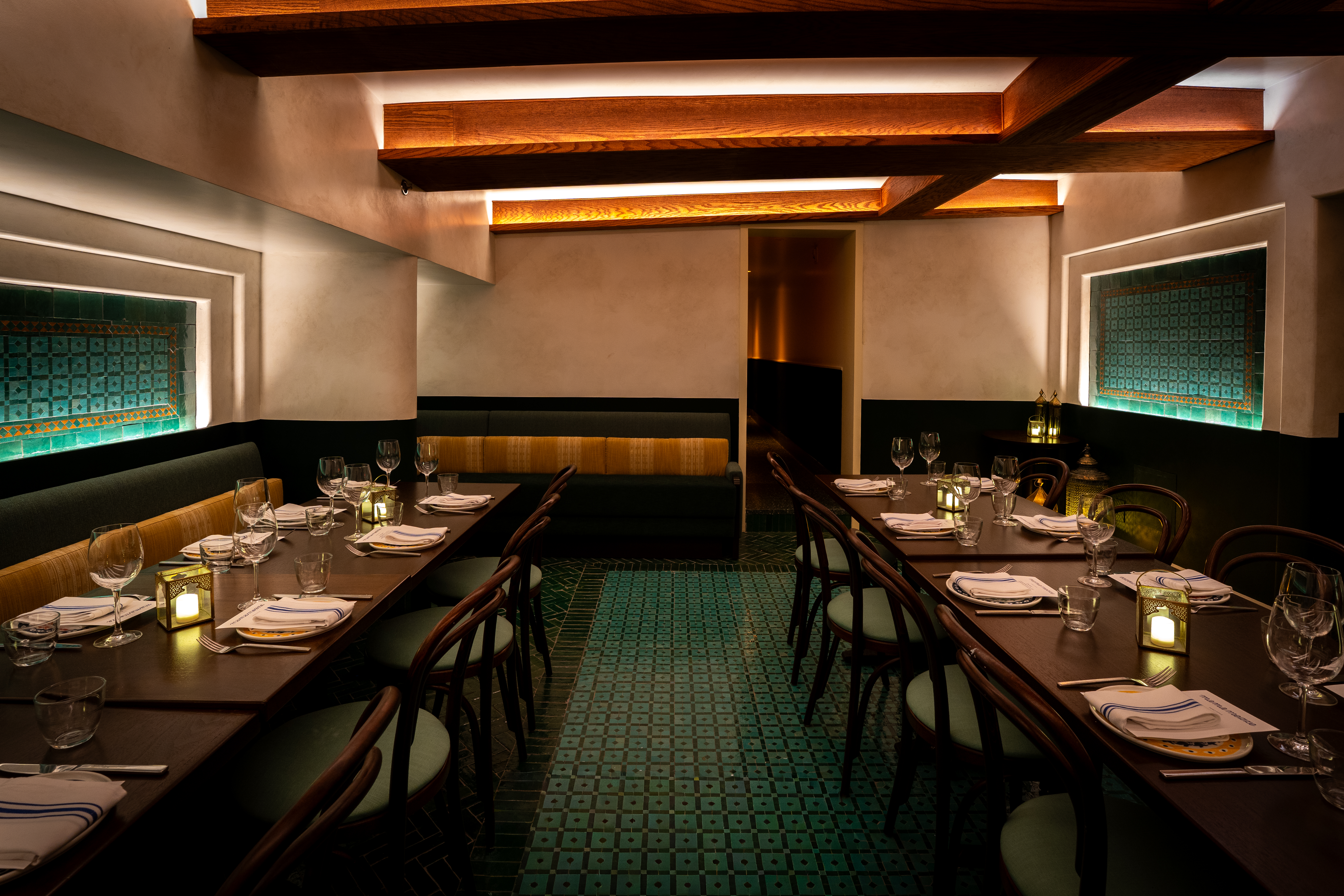 a kitchen with an island in the middle of a room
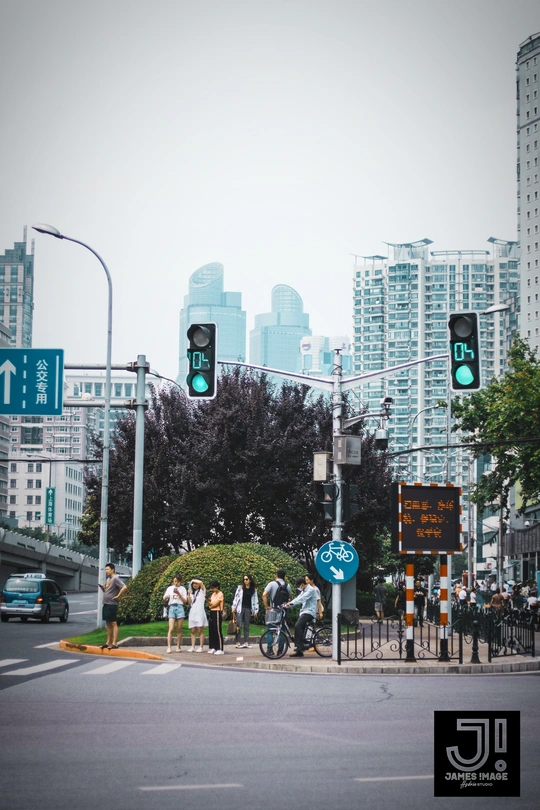 人们穿越人行横道 背景是绿灯和建筑物。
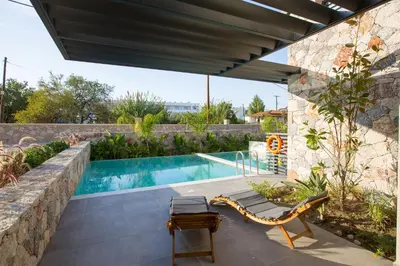 a swimming pool in a yard with a patio furniture at DeLight Luxury Rooms in Faliraki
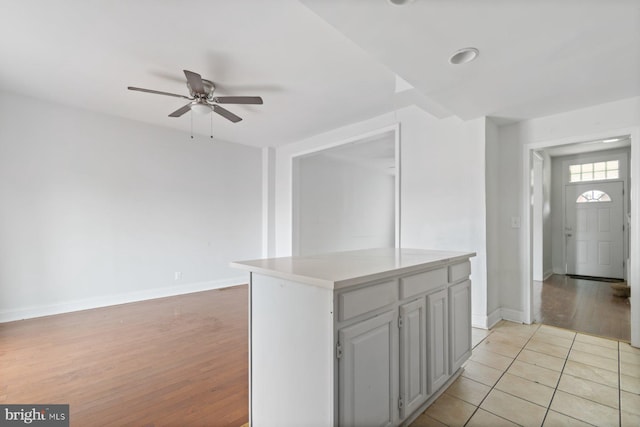 kitchen featuring a ceiling fan, baseboards, light countertops, light wood-type flooring, and a kitchen island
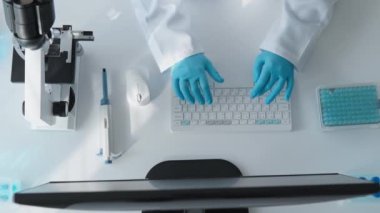 Tıp laboratuarında, bir genetikçi bir bilgisayarda çalışır, genetik mutasyonlar üzerinde yüksek hassasiyetli çalışmalar yapar ve umut verici tedavi yöntemleri geliştirir. Mikroskop altında DNA üzerinde çalışıyor.
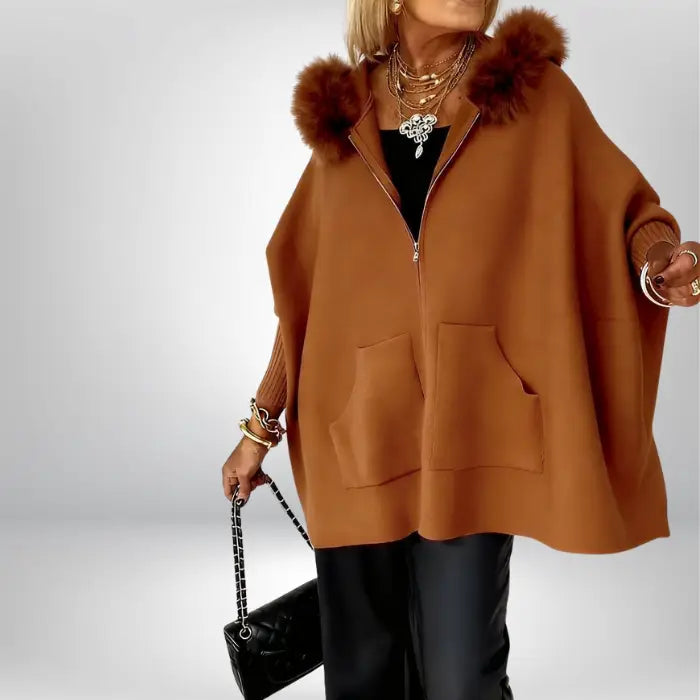 Women’s cape coat in warm brown with fur hood and oversized silhouette, styled with layered jewelry for classic seasonal elegance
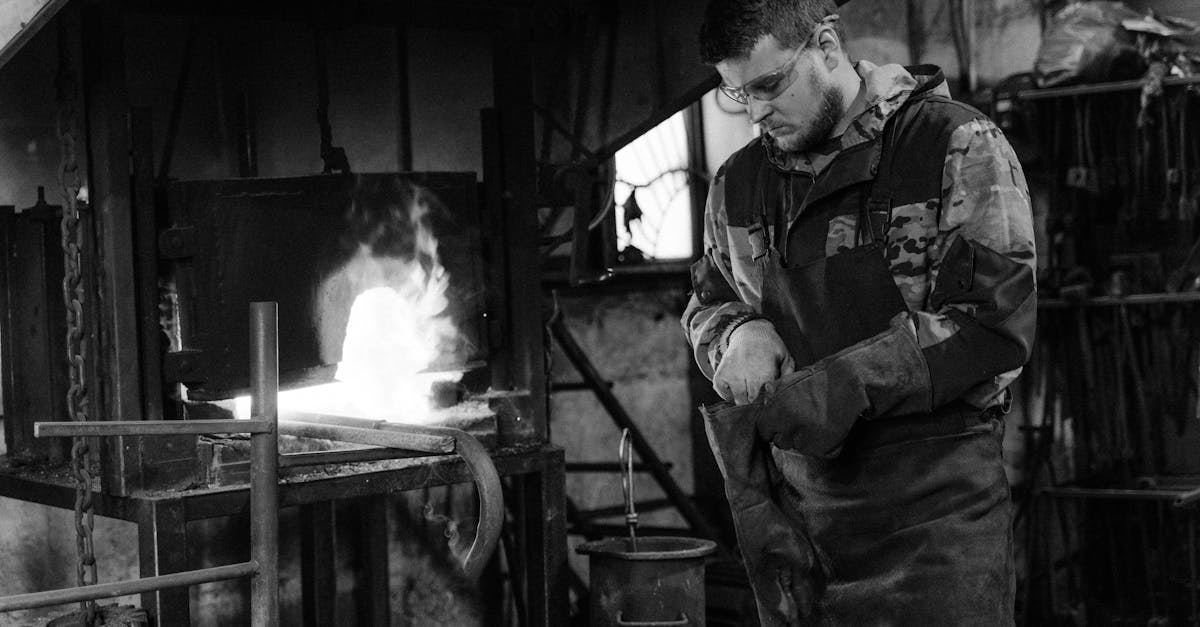 A blacksmith working in a forge, crafting metal in a monochrome industrial setting.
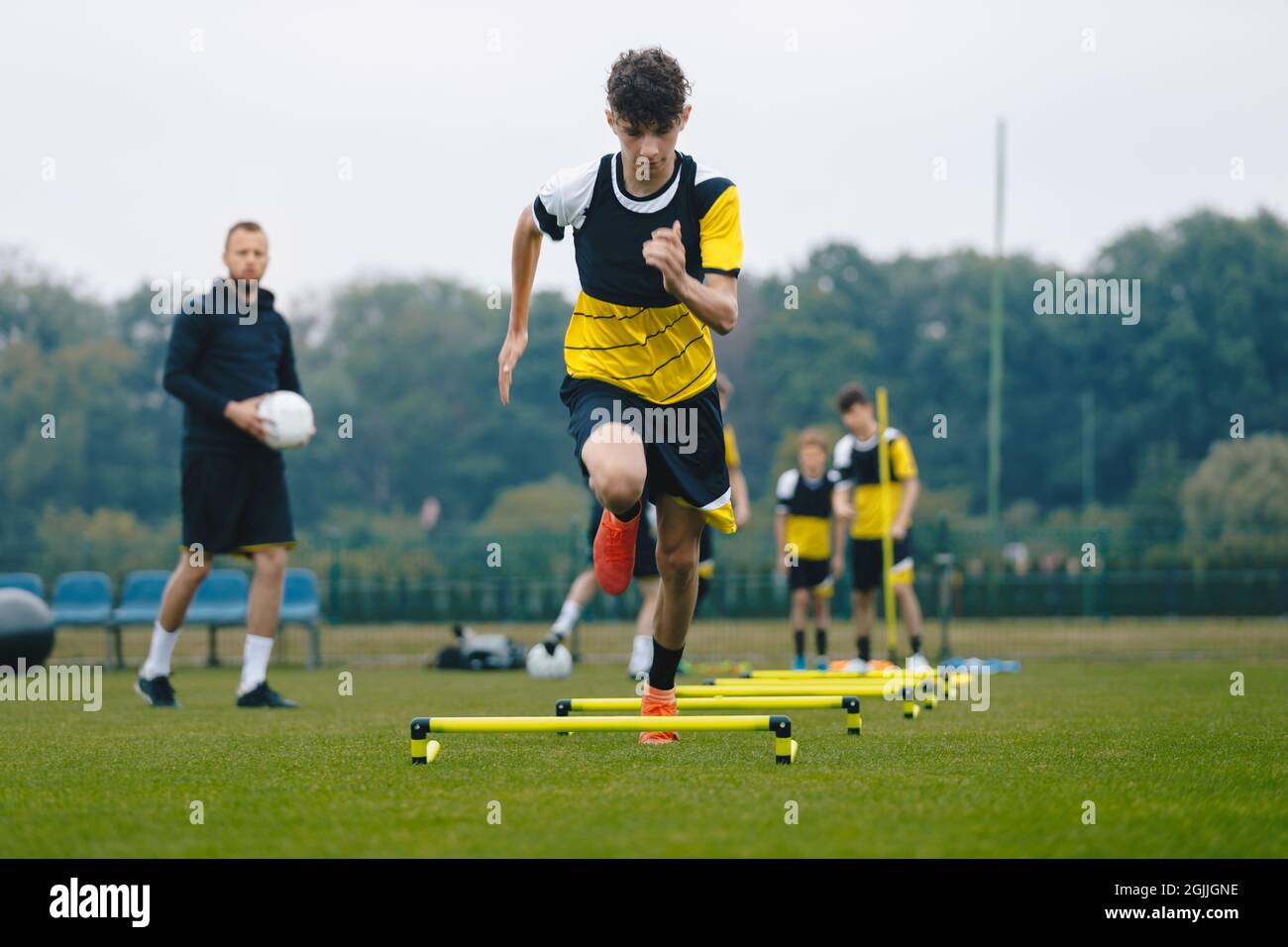 Junior soccer player running fast and ladder skipping. Boys practice football witch young coach. Teenagers on soccer training camp. Youth athletes imp Stock Photo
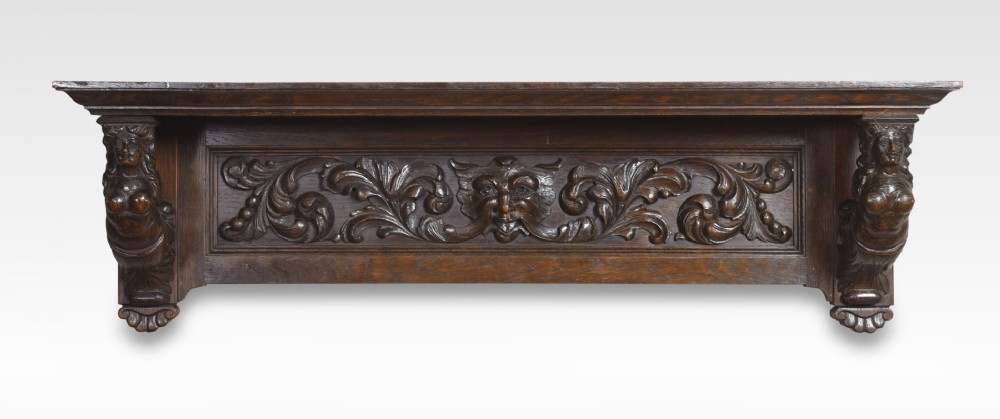 Small carved oak shelf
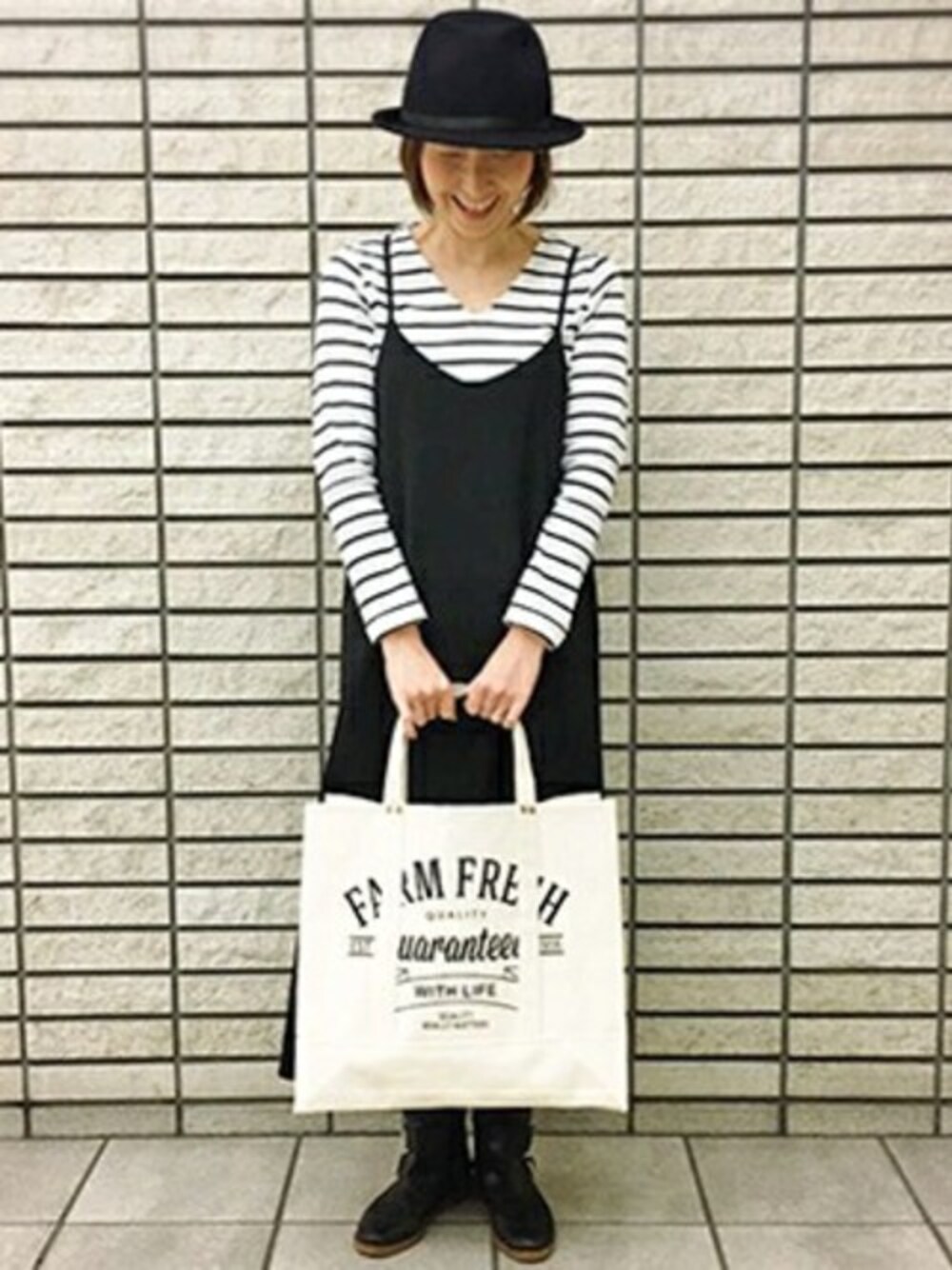 グレー系のサロペット/オーバーオール、ブルー系のTシャツ/カットソー、ベージュ系のトートバッグを着用したレディースの春コーディネートの1枚目の写真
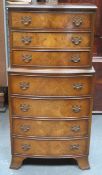 20th century Walnut veneered bow fronted Seven drawer chest on chest. Approximately. 110cm H x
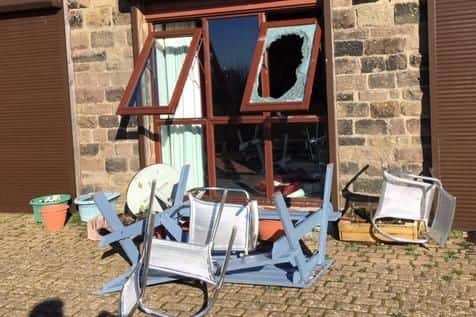 The window was smashed with a brick and benches and chairs were broken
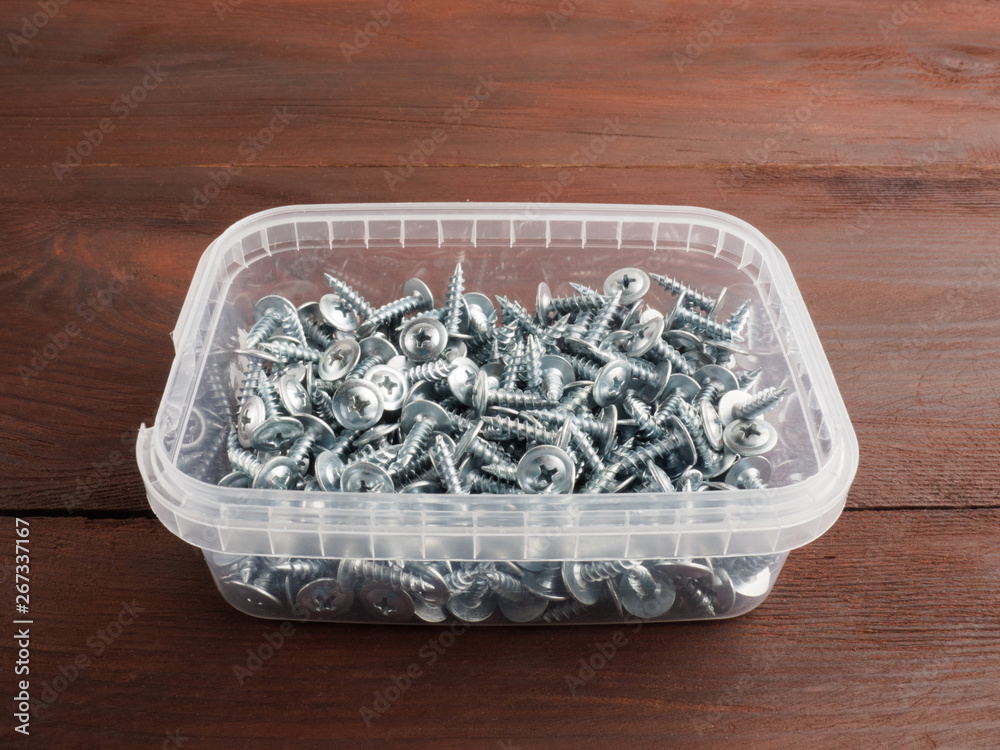 Fototapeta premium Group of silver color steel screws in box, on brown background. Industrial theme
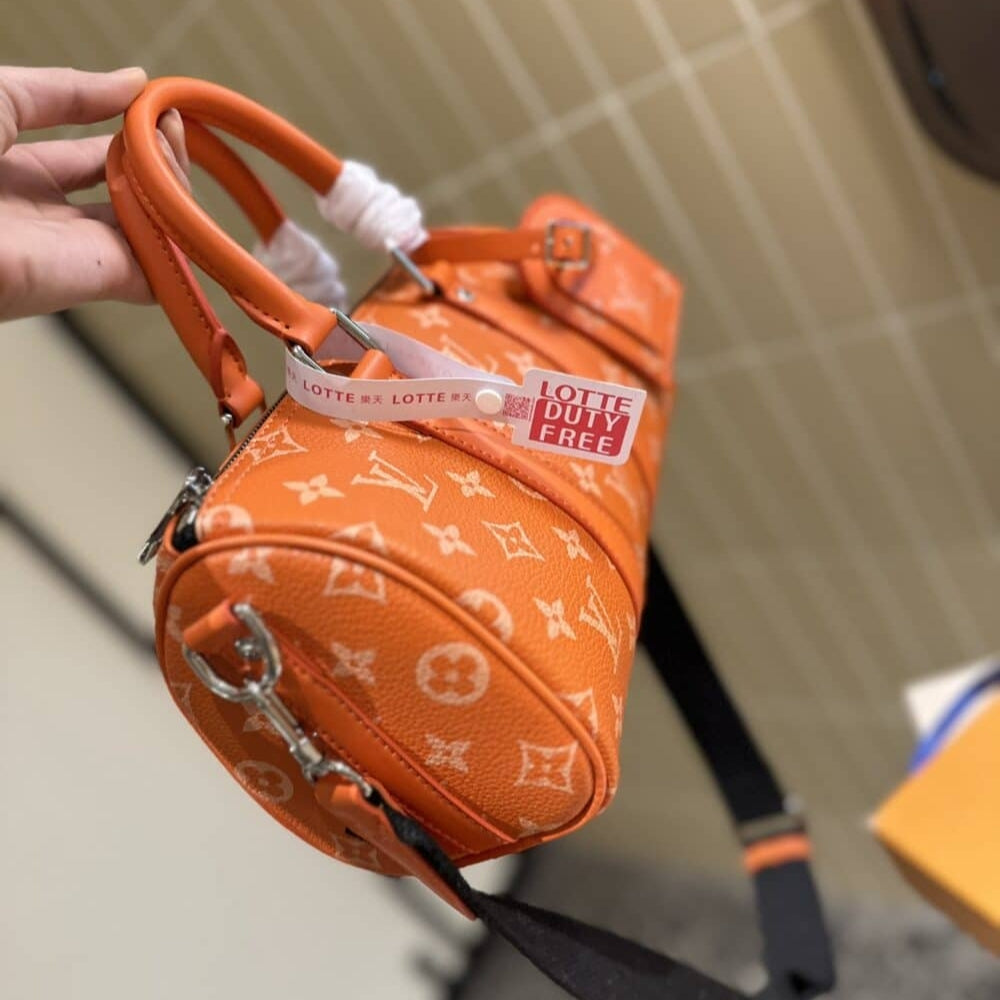 Louis Vuitton Keepall Bandoulière 25 Tangerine 25Cm M31044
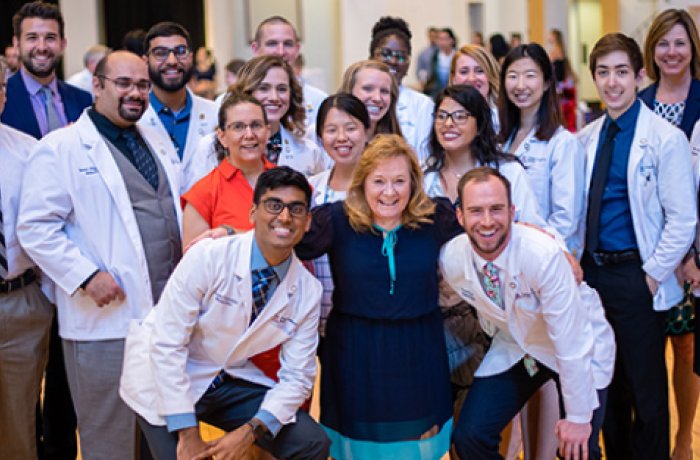 gold humanism society inductees pose for a group photo with faculty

What you need to do :: All that is needed is the data above, repeated exactly, without the pictures.

Answer for the task ::
 a kitchen with an island in the middle of a room
 人们穿越人行横道 背景是绿灯和建筑物。
 a swimming pool in a yard with a patio furniture at DeLight Luxury Rooms in Faliraki
 kitchen featuring a ceiling fan, baseboards, light countertops, light wood-type flooring, and a kitchen island
 Tıp laboratuarında, bir genetikçi bir bilgisayarda çalışır, genetik mutasyonlar üzerinde yüksek hassasiyetli çalışmalar yapar ve umut verici tedavi yöntemleri geliştirir. Mikroskop altında DNA üzerinde çalışıyor.
 Women’s cape coat in warm brown with fur hood and oversized silhouette, styled with layered jewelry for classic seasonal elegance
 A blacksmith working in a forge, crafting metal in a monochrome industrial setting.
 Junior soccer player running fast and ladder skipping. Boys practice football witch young coach. Teenagers on soccer training camp. Youth athletes imp Stock Photo
 Small carved oak shelf
 グレー系のサロペット/オーバーオール、ブルー系のTシャツ/カットソー、ベージュ系のトートバッグを着用したレディースの春コーディネートの1枚目の写真
 20th century Walnut veneered bow fronted Seven drawer chest on chest. Approximately. 110cm H x
 The window was smashed with a brick and benches and chairs were broken
 Fototapeta premium Group of silver color steel screws in box, on brown background. Industrial theme
 Louis Vuitton Keepall Bandoulière 25 Tangerine 25Cm M31044
 gold humanism society inductees pose for a group photo with faculty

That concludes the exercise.